House budget reconciliation package funds NASA infrastructure but not lunar lander work
Updated Sept. 9 to revise NOAA provision.
WASHINGTON — The House Science Committee will mark up its portion of a multitrillion-dollar spending bill this week that includes several billion dollars for NASA infrastructure but nothing for lunar lander development.
The House Science Committee is scheduled to meet Sept. 9 to mark up a portion of a $3.5 trillion spending bill being considered under a process known as budget reconciliation. That procedure allows the bill to pass the Senate with a simple majority without the threat of a filibuster.
The committee will allocate $45.51 billion in spending for agencies under its jurisdiction, such as NASA, the National Oceanic and Atmospheric Administration and the National Science Foundation. That will be combined with portions of the bill assigned to other committees into the final version to be considered by the full House.
An updated draft of the bill, dated Sept. 4, offers good and bad news for NASA. It includes $4 billion for “repair, recapitalization, and modernization of physical infrastructure and facilities” across the agency. The bill does not assign amounts to specific projects or centers.
NASA Administrator Bill Nelson had made funding for agency infrastructure a priority in any budget reconciliation package, seeking more than $5 billion earlier this year. “There’s aging infrastructure that is dilapidated,” he told House appropriators in May. “They’ve got holes in the roof where they’re putting together the core of the SLS” at the Michoud Assembly Facility in New Orleans. Michoud suffered additional damage from Hurricane Ida last month.
However, the draft bill includes nothing for the other priority identified by Nelson, the agency’s Human Landing System (HLS) program. Nelson said in May he wanted $5.4 billion for HLS to allow NASA to select a second company alongside SpaceX to develop and demonstrate a lander capable of transporting astronauts to and from the lunar surface.
The bill, though, is silent on HLS. It does provide NASA with an additional $388 million for climate change research and development, of which $225 million would go to the agency’s aeronautics directorate for sustainable aviation. The remainder would be used for research and modeling, data management and support for wildfire monitoring and emergency response. An additional $7 million would go to NASA cybersecurity.

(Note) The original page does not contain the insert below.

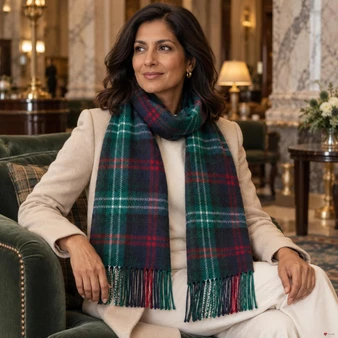 Cashmere Clan Scarf Sutherland Old Modern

In an Aug. 19 interview, Nelson said that the budget reconciliation package is one of two avenues NASA is pursuing to obtain the additional funding needed for a second HLS award. The other is the traditional annual appropriations process, although a House appropriations bill passed in July increased spending on HLS by only $150 million above the agency’s request of $1.195 billion.
The Senate has yet to act on either a fiscal year 2022 spending bill or various aspects of the budget reconciliation package. In a speech at the 36th Space Symposium Aug. 24, Sen. Jerry Moran (R-Kan.), who is both the ranking member of the appropriations subcommittee that funds NASA as well as a member of the Senate Commerce Committee, said he expected appropriators to mark up a fiscal year 2022 spending bill in late September.
He added in an interview after the speech that the Senate Commerce Committee hasn’t yet determined how it will draft its portions of the budget reconciliation package. “We’re in new territory,” he said, noting that both he and the ranking member of the full committee, Sen. Roger Wicker (R-Miss.), asked committee chair Sen. Maria Cantwell (D-Wash.) to use “a committee process” to provide input on the bill.
The draft bill to be considered by the House Science Committee also includes funding for a NOAA space weather project. It offers $173 million to accelerate development of the Space Weather Next L-1 mission, a successor to the Space Weather Follow-On L-1 mission scheduled for launch in 2025. The Space Weather Next L-1 mission is planned for the early 2030s, and the funding provided would move up its launch to 2028 and provide an independent launch, NOAA spokesperson John Leslie said Sept. 9.
The bill provides more than $3.4 billion for NSF infrastructure projects, such as major research equipment and construction projects. The bill does not identify any specific projects, which could include a replacement for the Arecibo Observatory radio telescope that collapsed last December or financial support for large ground-based astronomical observatories like the Giant Magellan Telescope or Thirty Meter Telescope. The NSF would get an additional $7.55 billion for research awards, scholarships and fellowships.
The overall fate of the budget reconciliation package remains uncertain. Because no Republican members of the Senate are likely to vote for the bill, all 50 Democrats must vote for it, with Vice President Kamala Harris casting a tiebreaking vote, for it to pass.
However, in a Sept. 2 op-ed in The Wall Street Journal, Sen. Joe Manchin (D-W.Va.) said he would not support a $3.5 trillion bill, citing his concerns about its effects on inflation and the national debt. He called for a “strategic pause” in the development of the bill and reducing its size to “only what America can afford and needs to spend.”
Nelson, in last month’s interview, acknowledged the challenge of getting the budget reconciliation package through a divided Senate. “What’s my guess on a reconciliation bill that you have to have all 50 Democrats voting for in the Senate in order to get it passed?” he asked. “Your guess is as good as mine.”